According to Nielsen Media Research, the episode was seen by an estimated 0.576 million household viewers and gained a 0.08 ratings share among adults aged 18–49. The episode received extremely positive reviews from critics, who praised the episode's originality and information regarding Dot's past. However, some weren't enthralled with the episode's twist.

==Plot==
At the house owned by the elderly Irma (Clare Coulter), her son (Laurent Pitre) arrives, verbally abusing her and asking for money. When he discovers Munch (Sam Spruell) is living there, he demands Munch start paying rent. Munch hands him a large roll of bills, but as the son starts to leave with the money, Munch murders him with an axe.

Dot (Juno Temple), driving a long distance, nearly falls asleep while dreaming of her family before stopping for pancakes at a roadside diner. Continuing her trip, she uncovers a cache containing a postcard for Camp Utopia (signed "Linda"). There, she learns that Linda Tillman (Kari Matchett), Roy's (Jon Hamm) first wife, is operating a refuge for women who have left abusive partners, all of them taking the name "Linda" during their stay. Dot's return to Camp Utopia is initially rocky; she struggles to fit in with the camp's routines and accuses Linda of being complicit in her abuse by Roy and disappearing from her life. As Linda denies this, the camp organizes a "trial" for the two via a puppet show to defend their versions of events.

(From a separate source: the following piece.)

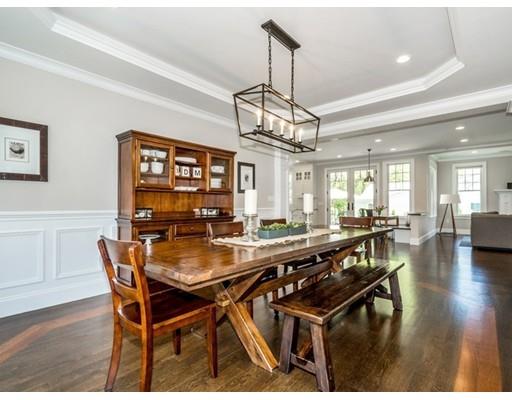 17 Ridgeway Avenue Needham, MA 02492 - Photo 8 of 30 a view of a dining room with furniture window and wooden floor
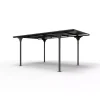 Carport auto in alluminio e policarbonato habrita "car 3050 altp t" 5,00x2,88x2,32 mt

Meanwhile, Gator (Joe Keery) loads a rifle and tracks the signal to Munch's car, finding him rocking in a chair inside a nearby house. He shoots at the figure through the window, but it was only the corpse of Irma's son, being rocked by a concealed Munch pulling a rope. Gator attempts to retrieve the bag of money still sitting in Munch's car but is attacked by Irma. Gator pushes her away, causing her to hit her head on the sidewalk, killing her. Munch comes outside and surveys the scene with an anguished look.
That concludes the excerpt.